**Assignment**
Restate each line below word for word, skipping every picture.

**Listed records**
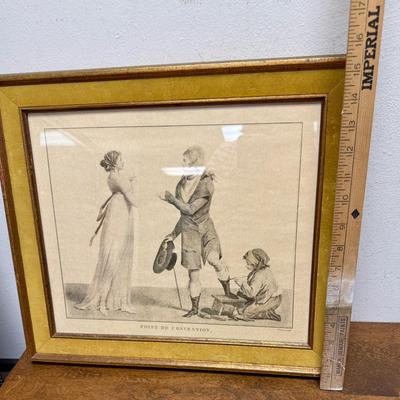 Sale Photo Thumbnail #361: A framed lithograph of an engraving by French artist Salvatore Tresca. Condition: good.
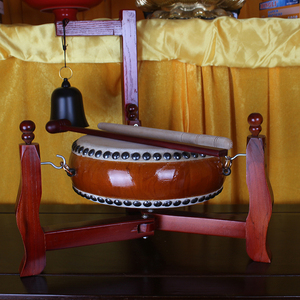 架子鼓/牛皮铃子鼓/吊钟铃铛/实木铃鼓折叠架子 佛教法会法器佛具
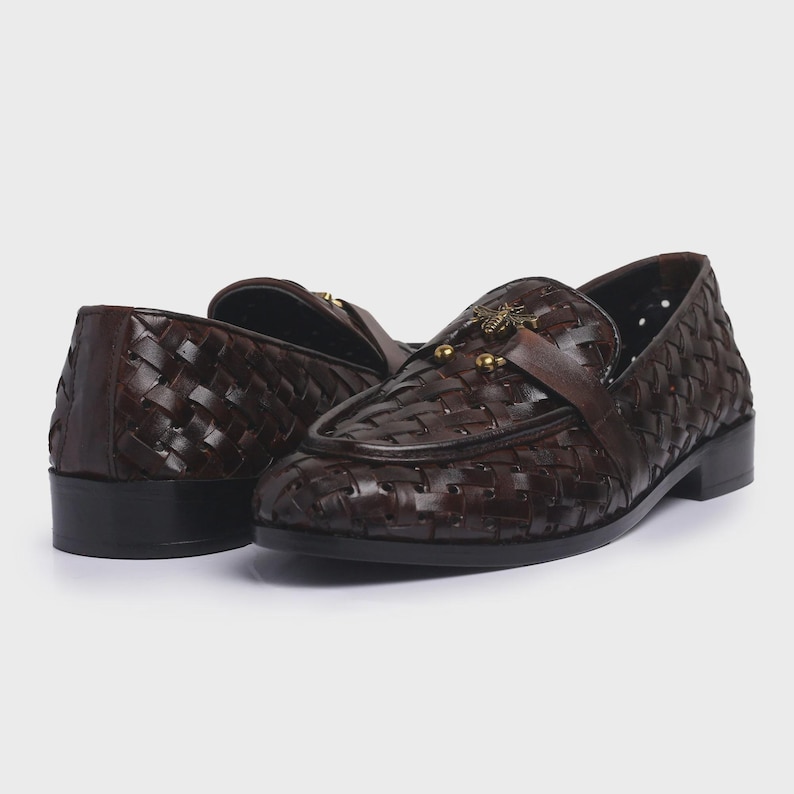 Handmade brown woven leather loafers for men with gold bee ornament, luxury slip-on formal dress shoes.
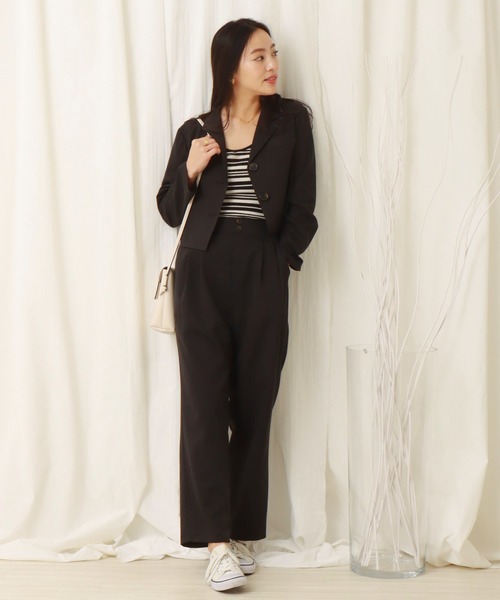 libelle more（リベル モア）の「ショート丈ジャケットセットアップ（セットアップ・レディース・ミント/ブラック/モカ/ベージュ・M/L）」の6枚目の写真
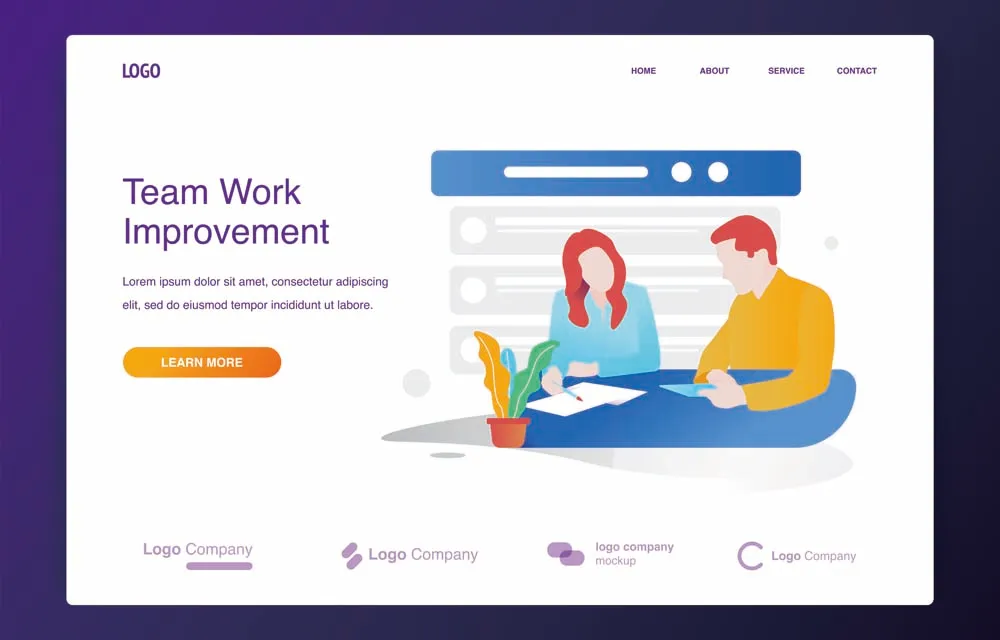 Business man and woman meeting brainstorming illustration concept for website or landing page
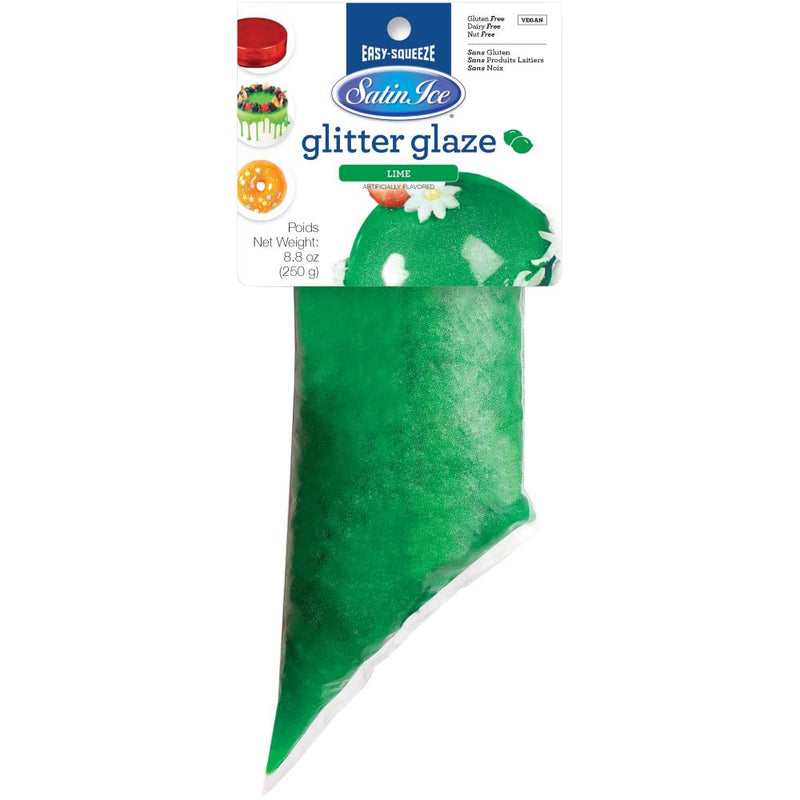 Satin Glitter Glaze - Green Lime, 8.8oz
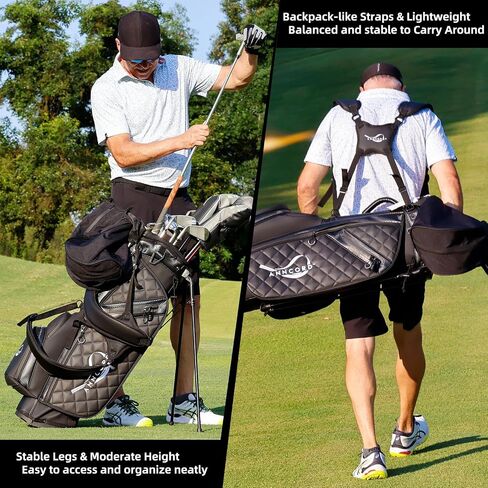 Golf Stand Bag with 14 Way Full Length Dividers, PU Leather Golf Bag for Men, Waterproof Golf Bags with Stand, 6 Pockets & Cooler Pouch, Adjustable Dual Straps, 2 Rain Cover Hood in Saudi Arabia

**Finished task**
 Sale Photo Thumbnail #361: A framed lithograph of an engraving by French artist Salvatore Tresca. Condition: good.
 架子鼓/牛皮铃子鼓/吊钟铃铛/实木铃鼓折叠架子 佛教法会法器佛具
 Handmade brown woven leather loafers for men with gold bee ornament, luxury slip-on formal dress shoes.
 libelle more（リベル モア）の「ショート丈ジャケットセットアップ（セットアップ・レディース・ミント/ブラック/モカ/ベージュ・M/L）」の6枚目の写真
 Business man and woman meeting brainstorming illustration concept for website or landing page
 Satin Glitter Glaze - Green Lime, 8.8oz
 Golf Stand Bag with 14 Way Full Length Dividers, PU Leather Golf Bag for Men, Waterproof Golf Bags with Stand, 6 Pockets & Cooler Pouch, Adjustable Dual Straps, 2 Rain Cover Hood in Saudi Arabia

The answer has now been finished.